La mirabelle


Une mirabelle faussement mirobolante


On a longtemps cru que le nom de la mirabelle venait du grec par l'intermédiaire de l'italien. C'est la thèse soutenue encore par Henriette Walter dans l'Aventure des langues en occident : « Une aventure bien plus extraordinaire est arrivée à
balanos, mot du grec ancien qui désignait "le gland du chêne" et qui, en composition avec myron, "parfum" était le nom d'une noix aromatique, le myrobalanos. Après être passé par le latin, sous la forme myrobalanos, puis myrobalanus, il avait abouti à myrobolan en français du Moyen Âge. À cette époque ce  terme servait de nom à des fruits aux vertus curatives.

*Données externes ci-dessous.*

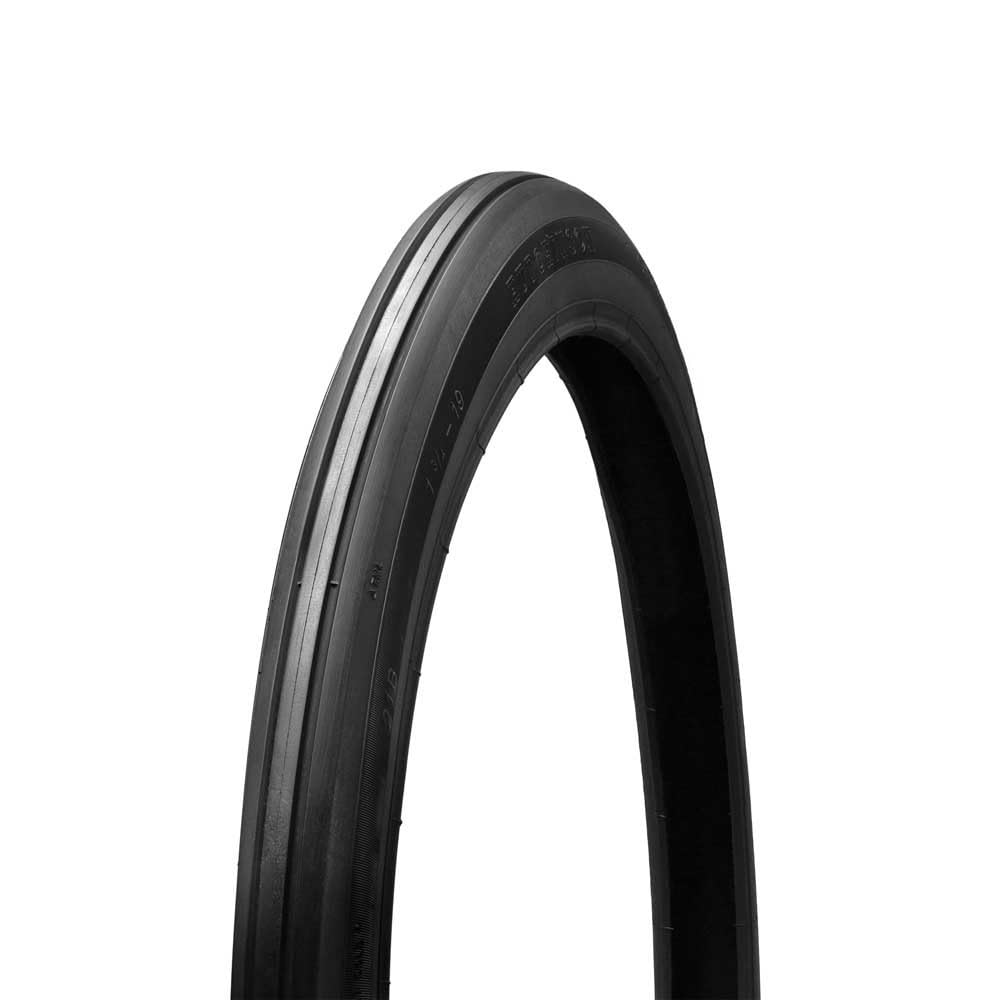 Hutchinson CYCLOMOTEUR Tyre Black, 1 3/4-19 Adult Unisex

Vu les merveilles qu'accomplissait ce myrobolan, c'est tout naturellement que la sagesse et l'imagination populaires l'ont rapproché de miraculeux, mirifique, pour en faire l'adjectif mirobolant que nous connaissons en français. C'est ce même myrobalanos que vient le nom de la mirabelle. » Malheureusement, cette thèse héritée de Bloch-Wartburg est fausse. Elle est reprise aussi dans le Dauzat-Dubois-Mitterand.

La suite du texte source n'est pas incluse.